▶ Work required
Please repeat exactly the lines from the one containing "Black Mesh Singlet Top" through the last line of the records below, both included, and leave out any pictures.
━━ Supplied data
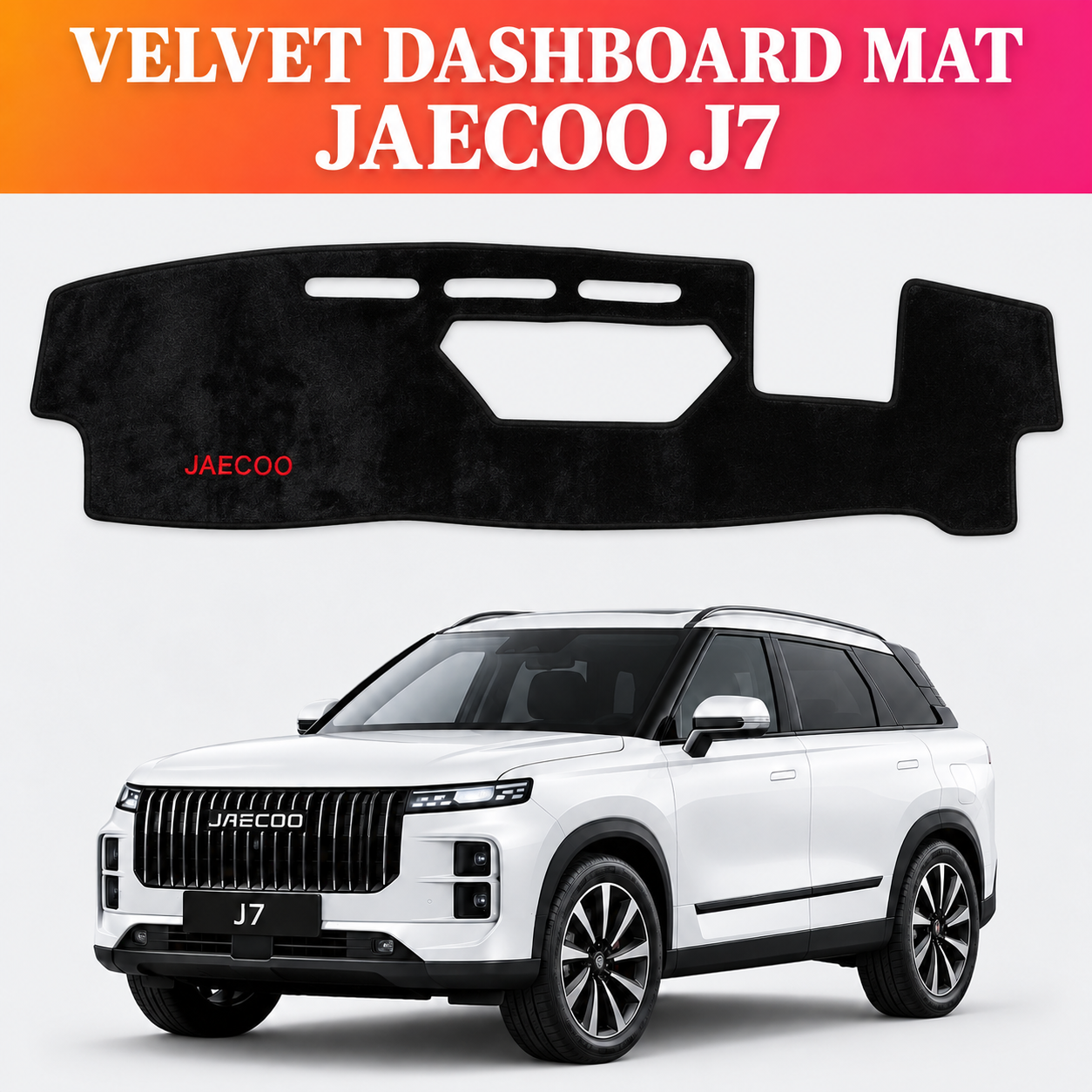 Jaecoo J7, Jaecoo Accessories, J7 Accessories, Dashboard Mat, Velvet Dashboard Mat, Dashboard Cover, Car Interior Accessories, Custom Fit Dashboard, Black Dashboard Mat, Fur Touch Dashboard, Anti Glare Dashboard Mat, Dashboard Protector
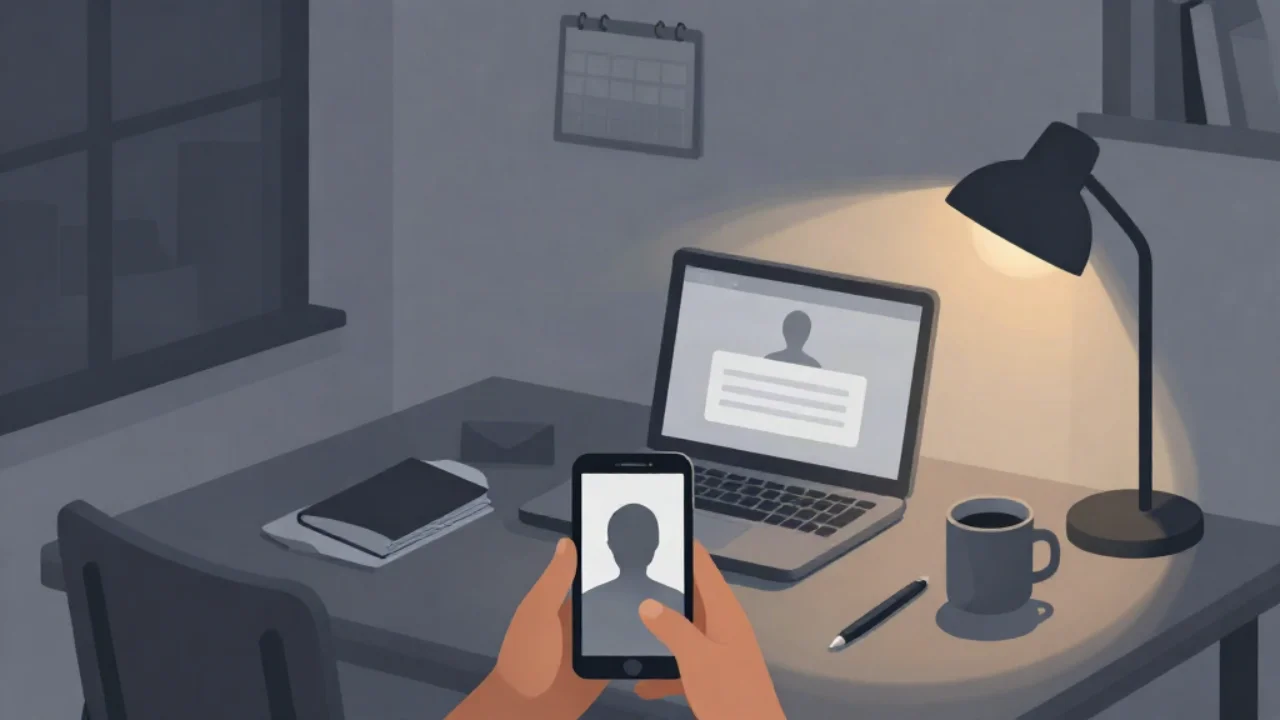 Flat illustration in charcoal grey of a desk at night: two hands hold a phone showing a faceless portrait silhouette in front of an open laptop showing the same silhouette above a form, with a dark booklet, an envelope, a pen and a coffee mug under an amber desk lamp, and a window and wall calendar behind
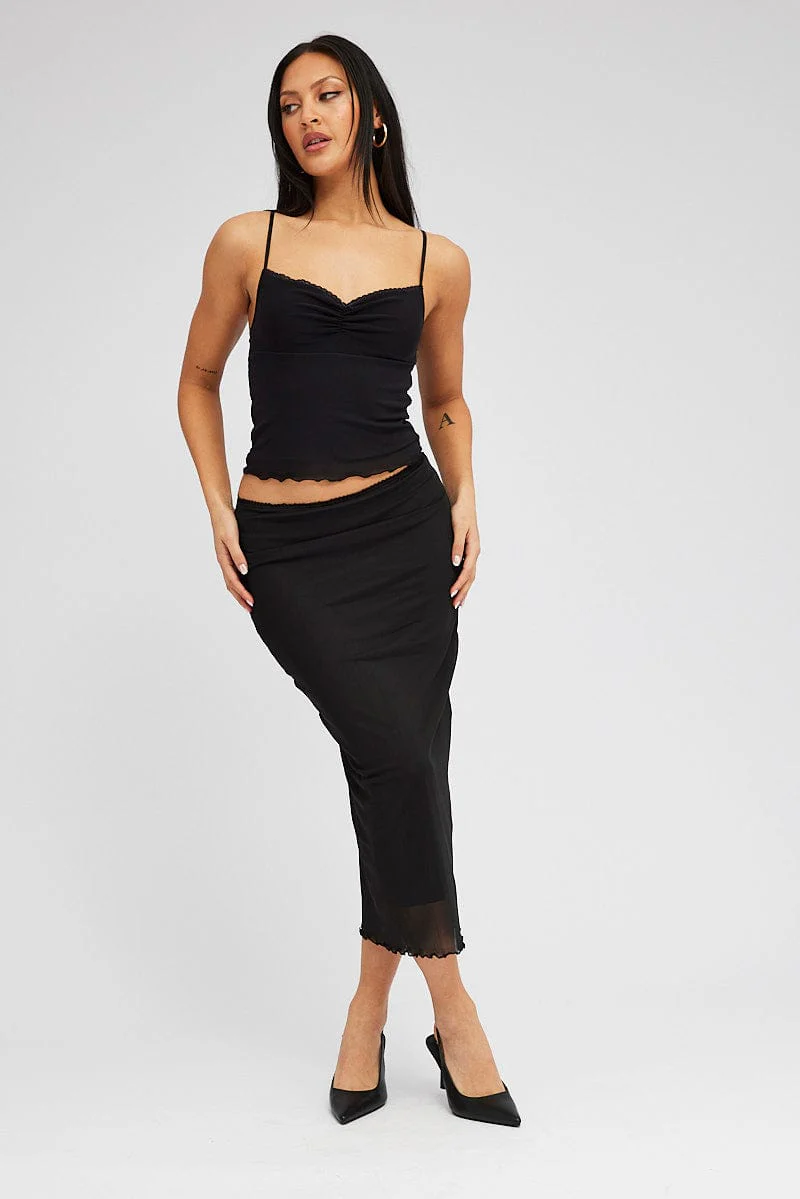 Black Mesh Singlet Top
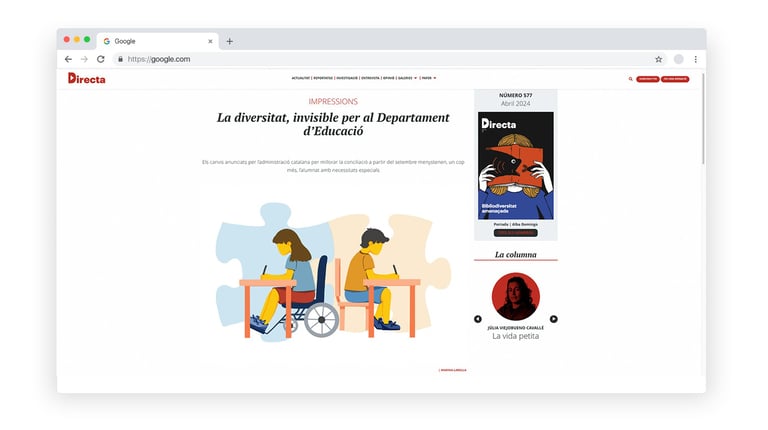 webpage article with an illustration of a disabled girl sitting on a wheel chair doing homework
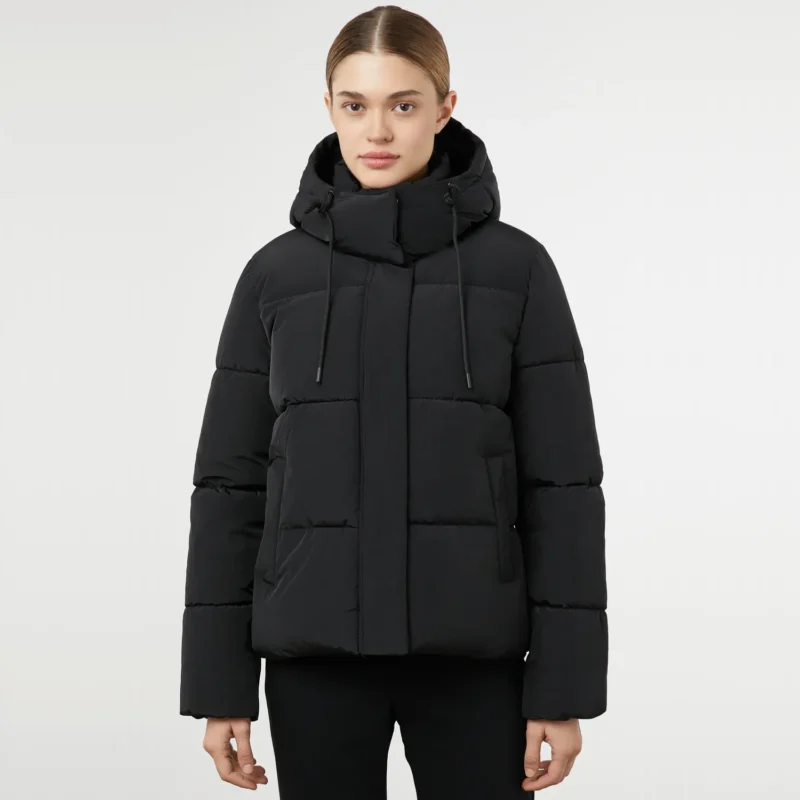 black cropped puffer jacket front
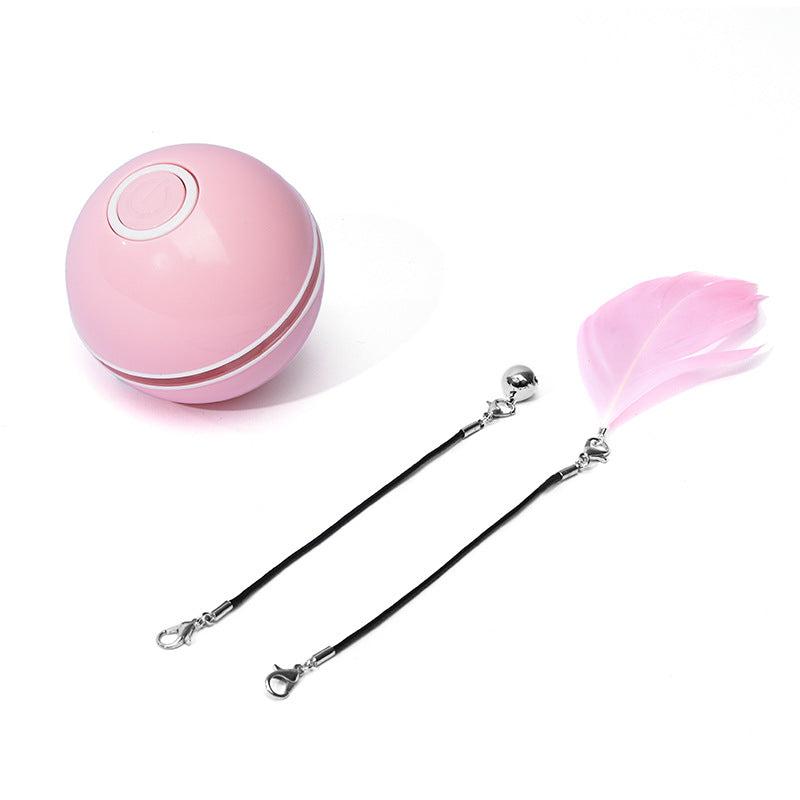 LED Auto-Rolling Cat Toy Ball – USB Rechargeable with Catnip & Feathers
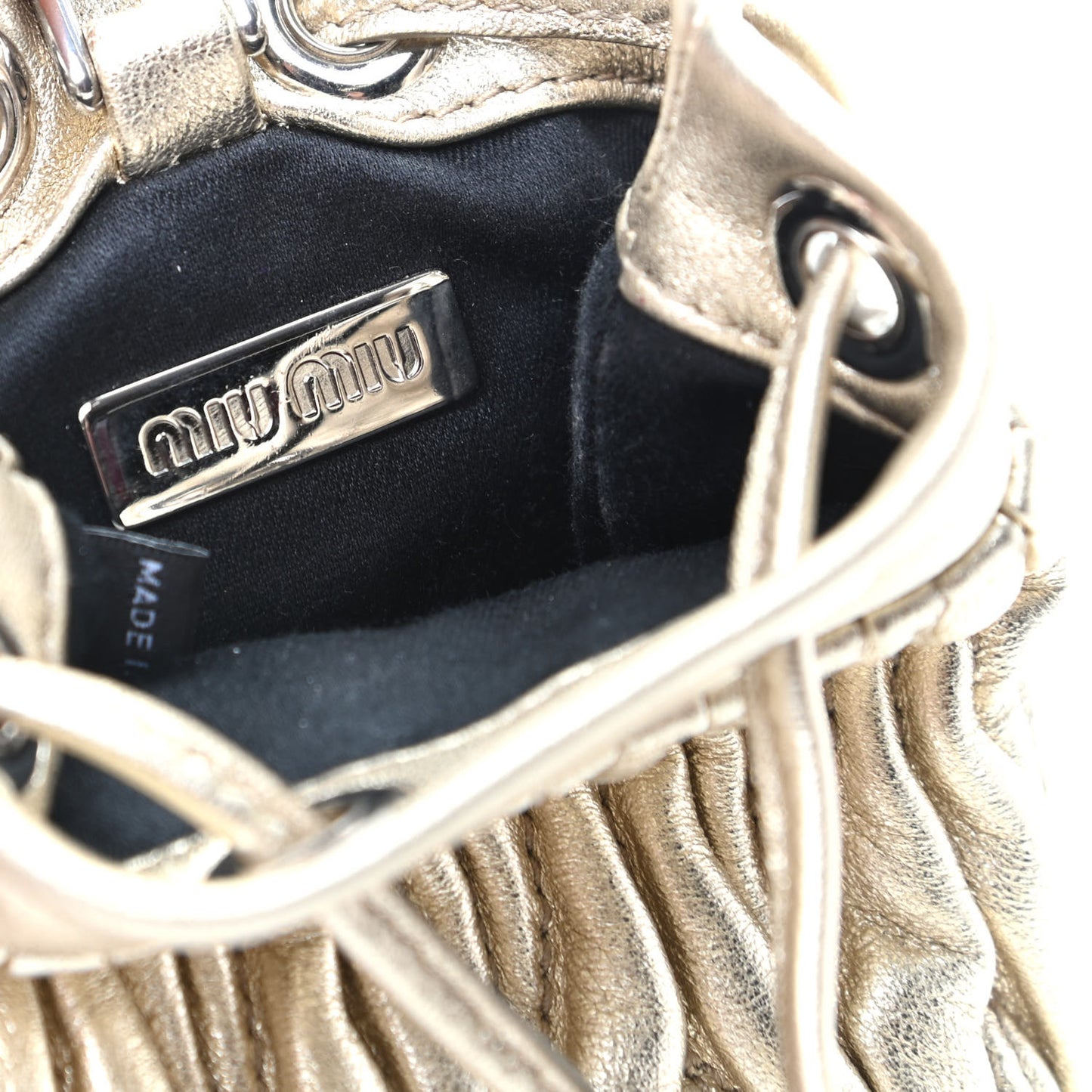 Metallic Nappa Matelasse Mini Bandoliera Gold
━━━━
▶ Output for this task
 Black Mesh Singlet Top
 webpage article with an illustration of a disabled girl sitting on a wheel chair doing homework
 black cropped puffer jacket front
 LED Auto-Rolling Cat Toy Ball – USB Rechargeable with Catnip & Feathers
 Metallic Nappa Matelasse Mini Bandoliera Gold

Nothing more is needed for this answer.